A esto se suma la pérdida de valor del «recupero»: el cuero ha dejado de ser un ingreso para convertirse, en plantas alejadas de los centros de consumo, en un gasto logístico para su desnaturalización. Los ingresos por la venta de sebo, huesos y menudencias ya no logran compensar los costos de faena, obligando a los frigoríficos a cobrar un diferencial a los matarifes. Esta transacción, además, está gravada con un IVA del 21%, mientras que el resto de la cadena tributa el 10,5%, generando saldos técnicos de muy difícil recuperación para las empresas.

El mercado interno y la competencia informal

Pese a los costos crecientes, la industria encuentra un límite en la capacidad de pago de los consumidores. Aunque la carne aumentó un 5% en enero y un 2% adicional en la primera quincena de febrero, es la demanda la que termina imponiendo las condiciones.
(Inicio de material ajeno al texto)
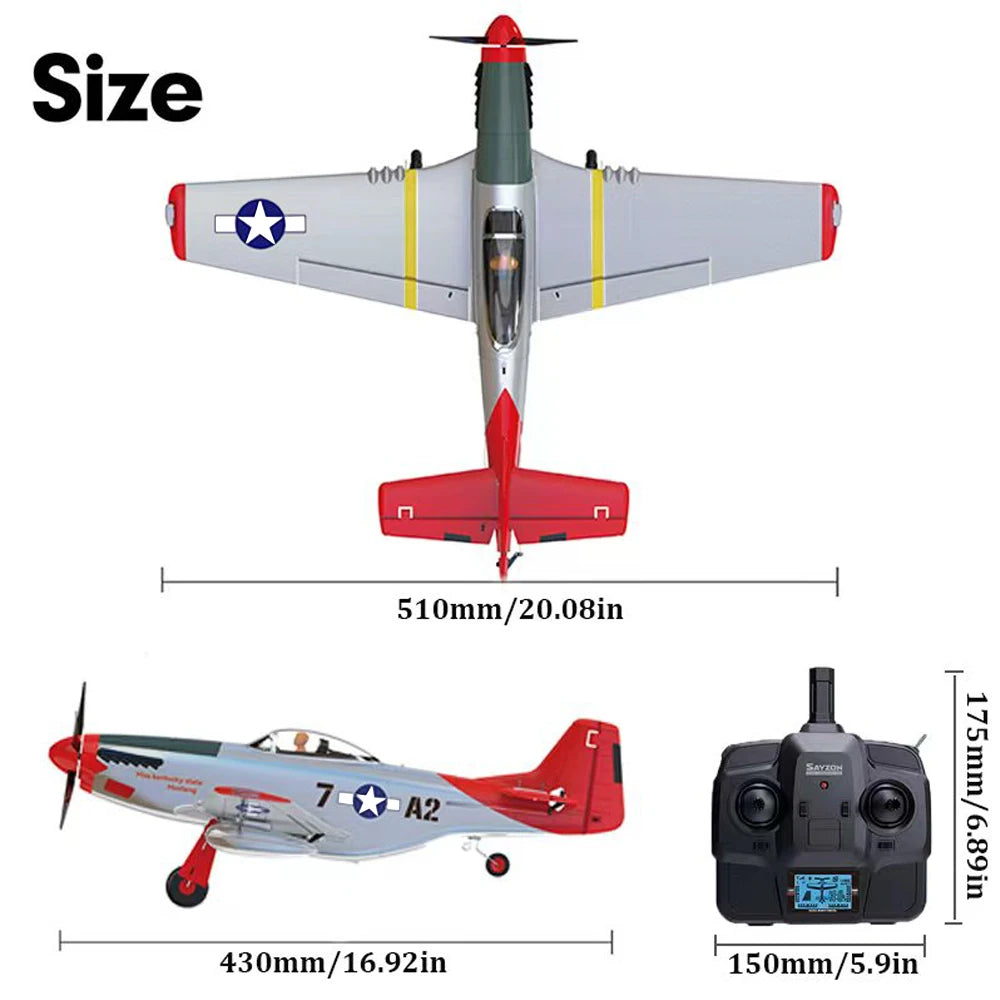 RC Plane 5CH 3D/6G Fixed-wing RC Airplane 2.4GHz P51D Mustang RTF for Adults Beginners Easy to Fly Removable Brushless Fighter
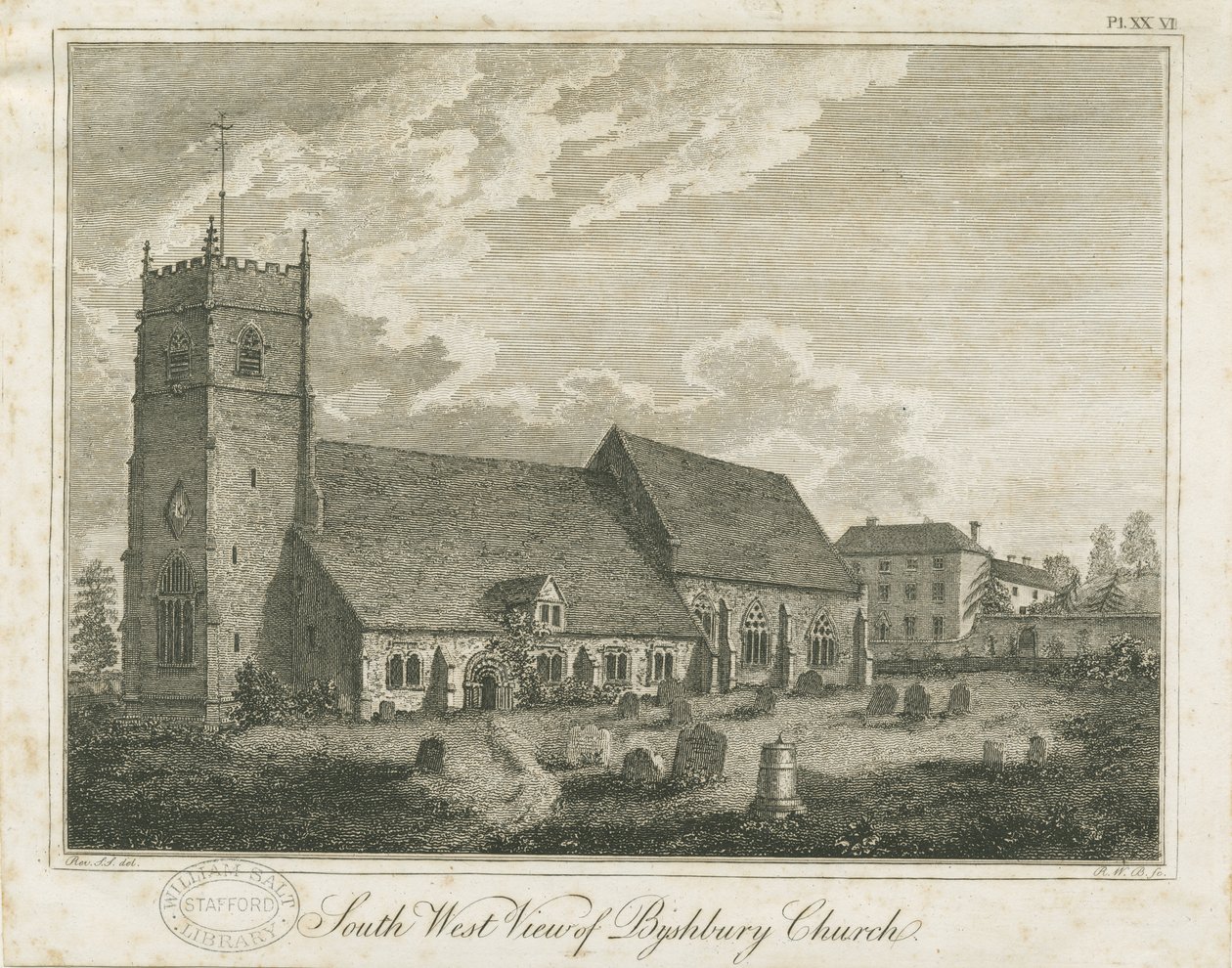 Bushbury Church: gravyr och [?1700-talet] av Stebbing Shaw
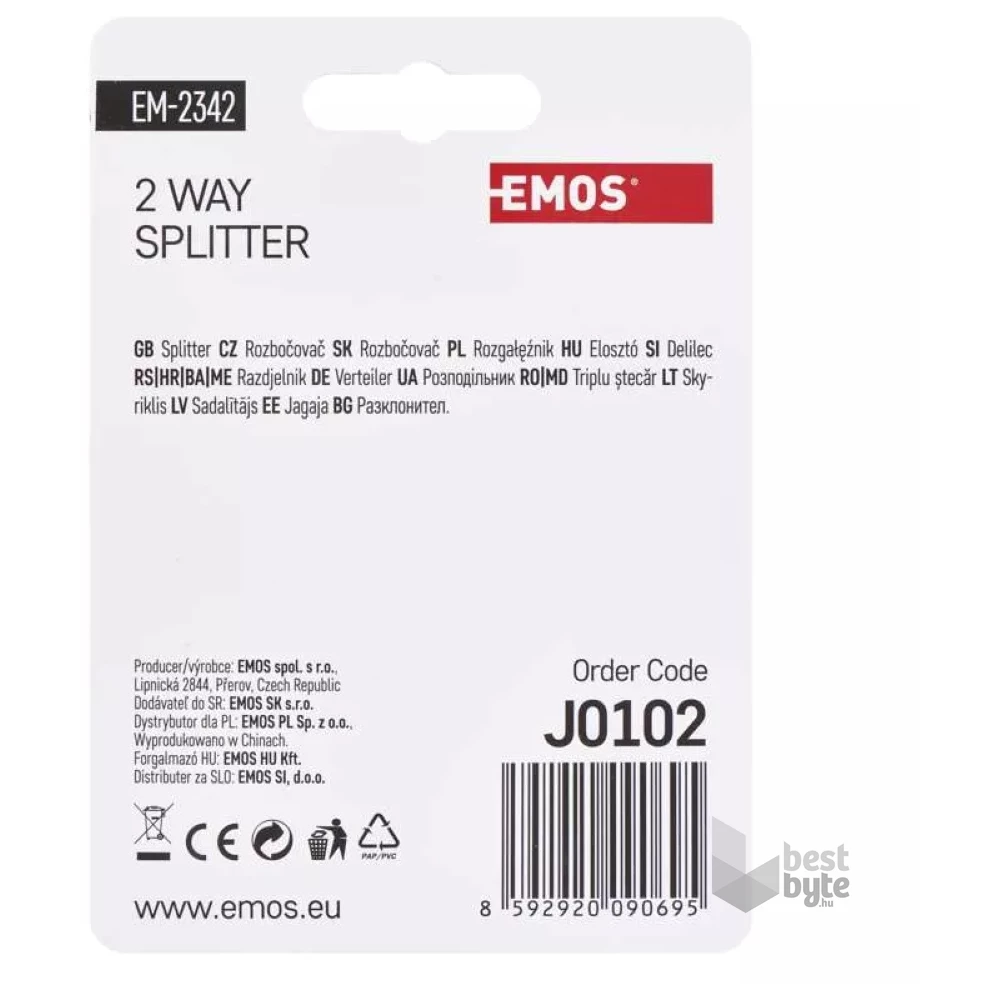 Emos J0102 EM2342 2 utas antenna elosztó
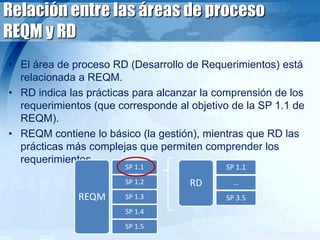 Relación entre las áreas de proceso
REQM y RD
• El área de proceso RD (Desarrollo de Requerimientos) está
relacionada a REQM.
• RD indica las prácticas para alcanzar la comprensión de los
requerimientos (que corresponde al objetivo de la SP 1.1 de
REQM).
• REQM contiene lo básico (la gestión), mientras que RD las
prácticas más complejas que permiten comprender los
requerimientos.
SP 1.1
SP 1.2
SP 1.3
SP 1.4
SP 1.5
REQM
RD
SP 1.1
…
SP 3.5
 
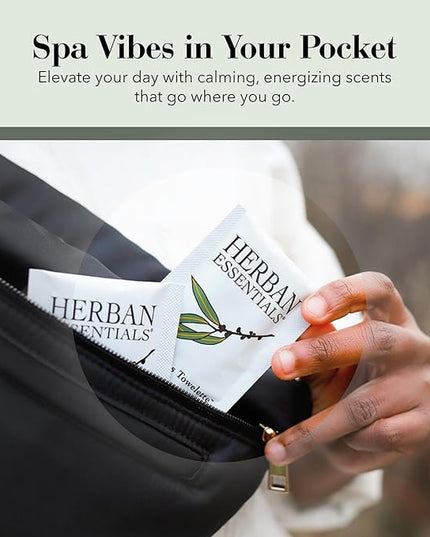 Herban Essentials - Eucalyptus Wipes & Towelettes - Essential Oil Wipes for Hands & Body - Travel Size Essentials and Toiletries - Natural, Individually Wrapped, Disposable & Moist Refresh (7 count)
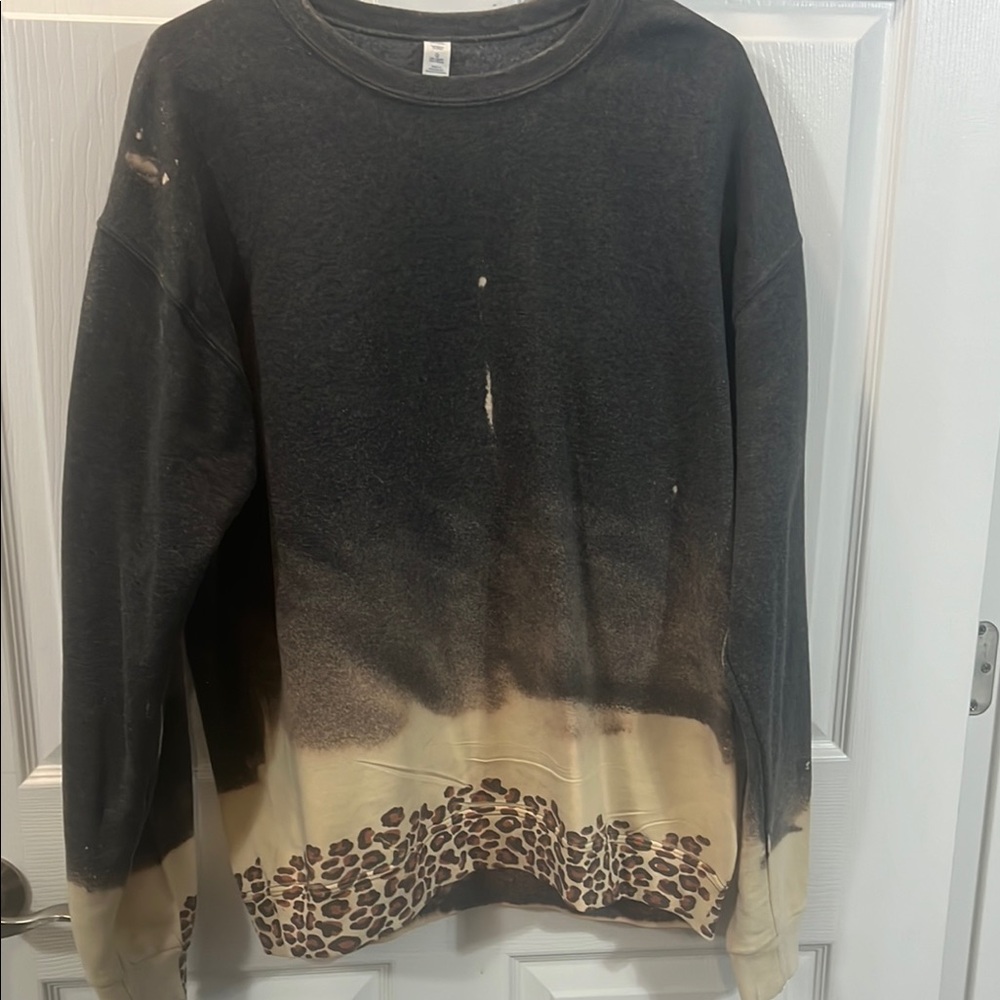 Black and Tan Sweater with Leopard Print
Si los compradores no convalidan los precios, el impacto se traslada directamente al valor del ganado.

El panorama se agrava por la competencia desleal de operadores informales que ignoran normas sanitarias, fiscales y laborales, perjudicando a los frigoríficos que cumplen con la normativa y enfrentan costos estructurales más altos.

Hitos y eficiencia productiva

No todas las señales son negativas. Un dato destacado es el aumento del peso medio por res producida, que alcanzó los 236 kilos en enero, reflejando una mayor eficiencia en la cadena gracias a la disponibilidad de pastura y los precios del maíz.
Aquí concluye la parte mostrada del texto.